You are viewing a plain text version of this content. The canonical link for it is here.
Posted to users@spamassassin.apache.org by Christopher Scott <ch...@chrisjscott.net> on 2013/06/24 04:41:58 UTC

trying to get Spamassassin to really sing for me

I've got an IMAP account with a small ISP that uses CPanel (and, through it, SpamAssassin 3.3.1). I've been struggling with spam for a while now, partially hampered by my inability to access a command shell in order to manipulate SA. As a result, my solution was to set my required_score = 0 (and I auto delete anything > 5) and then whitelist all of the email addresses I commonly receive messages from.

This somewhat brute force method doesn't work so well anyhow, so I figured I'd finally try to wrap my head around using sa-learn (after figuring out a way to execute it via cronjob, since I don't have command line access).

I've spent the past 4-6 weeks filing away any messages that have made it to my inbox that should've been spam; I now have about 1000. The problem is that I've read that, in order for sa-learn to work effectively, I should be running it over equal collections of spam AND ham. I've got auto-learn turned on, so I'm presuming that running sa-learn for ham on my inbox won't do any good… am I going to screw everything up if I run sa-learn for spam in my collected folder and that's it?

Any suggestions for a smart course of action here?

Follow-up question: what would be a smart way to wean myself off of the whitelisted entrée and, instead, get the Bayes filters to recognize them?

-Chris

Re: trying to get Spamassassin to really sing for me

Posted by Matus UHLAR - fantomas <uh...@fantomas.sk>.
On 23.06.13 22:41, Christopher Scott wrote:

> [deleted] my solution was to set my required_score = 0
> (and I auto delete anything > 5) and then whitelist all of the email
> addresses I commonly receive messages from.

>This somewhat brute force method doesn't work so well anyhow,

... it even could not work. The sa rules are tuned so the 5 points separates
spam from ham. Slight tuning the required_score can help (in my former work
I set it to 4.8 and on my personal machine with trained BAYES 3.5) but you
must be very careful about that,

>I've spent the past 4-6 weeks filing away any messages that have made it to
> my inbox that should've been spam; I now have about 1000.  The problem is
> that I've read that, in order for sa-learn to work effectively, I should
> be running it over equal collections of spam AND ham.

Yes, you need to train on both spam and ham.

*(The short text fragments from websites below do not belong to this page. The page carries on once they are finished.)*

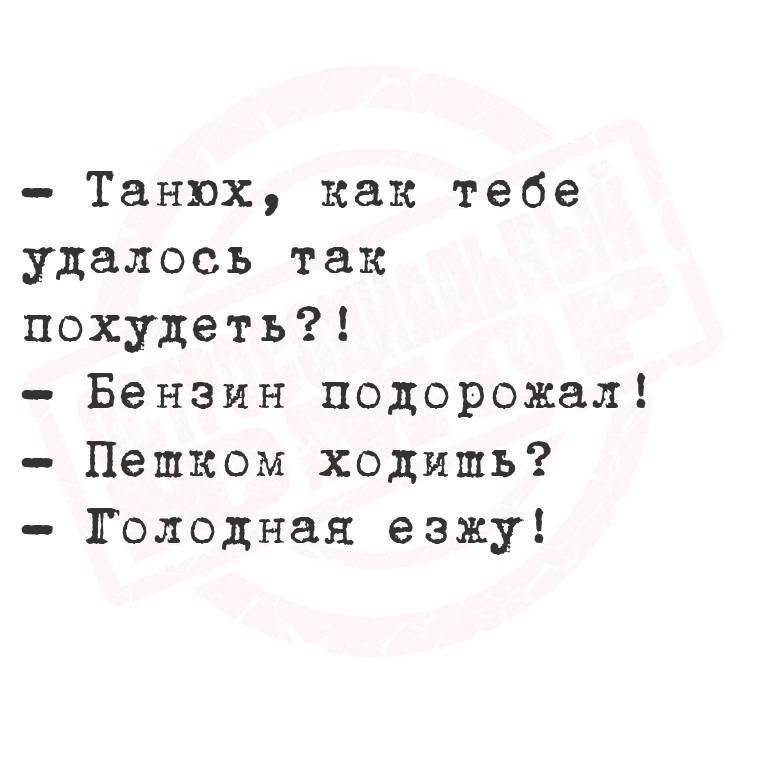 Танюх, как тебе удалось так похудеть?! Бензин подорожал! Пешком ходишь? Голодная езжу!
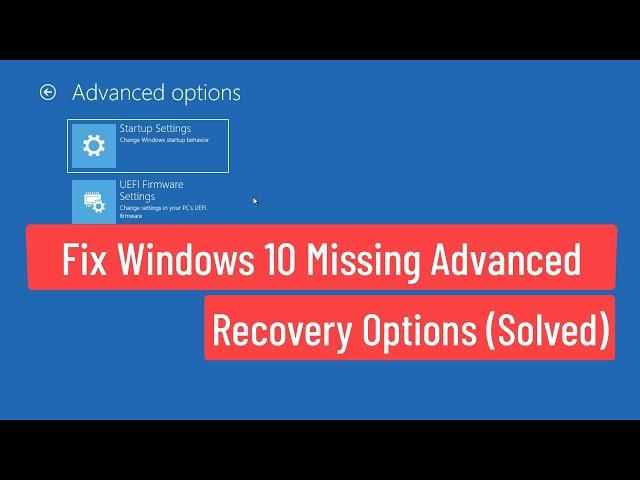 Fix Windows 10 Missing Advanced Recovery Options (Solved)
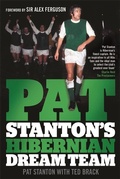 Cover: Pat Stanton's Hibernian Dream Team - Black and White Publishing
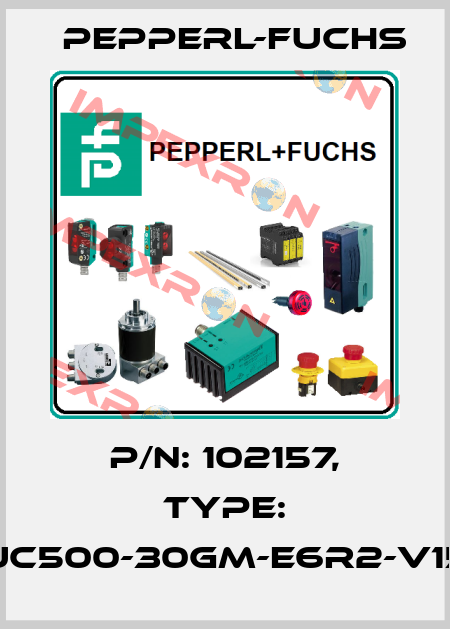 p/n: 102157, Type: UC500-30GM-E6R2-V15 Pepperl-Fuchs
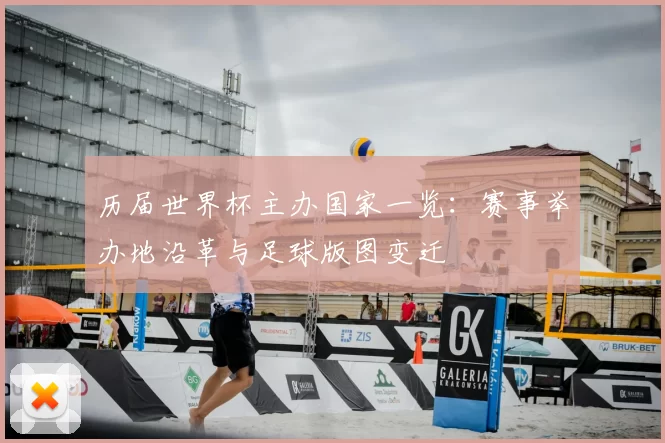 历届世界杯主办国家一览：赛事举办地沿革与足球版图变迁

The BAYES filter must know how
they differ to decide which group of mail a message belongs apparently to.

>  I've got auto-learn
> turned on, so I'm presuming that running sa-learn for ham on my inbox
> won't do any good… am I going to screw everything up if I run sa-learn for
> spam in my collected folder and that's it?

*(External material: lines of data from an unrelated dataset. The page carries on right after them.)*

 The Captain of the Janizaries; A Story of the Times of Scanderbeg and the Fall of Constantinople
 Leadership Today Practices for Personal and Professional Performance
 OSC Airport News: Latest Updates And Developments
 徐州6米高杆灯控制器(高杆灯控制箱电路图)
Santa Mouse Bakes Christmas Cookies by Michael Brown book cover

The auto-learn will only train on messages that are spam or ham with high
probability, and even so time to time we get reports from users about
mistrained BAYES database.

However, if your inbox contains only messages you consider ham, you may
safely train whole inbox as ham.

The same - if your spam folder contains all spam messages, train it as spam.


You can re-train the same message if you (or autolearn) misclassified it, so
there's no issue about training repeatedly - the message content will be
remembered only once, as you trained it for last time.

-- 
Matus UHLAR - fantomas, uhlar@fantomas.sk ; http://www.fantomas.sk/
Warning: I wish NOT to receive e-mail advertising to this address.
Varovanie: na tuto adresu chcem NEDOSTAVAT akukolvek reklamnu postu.
Quantum mechanics: The dreams stuff is made of.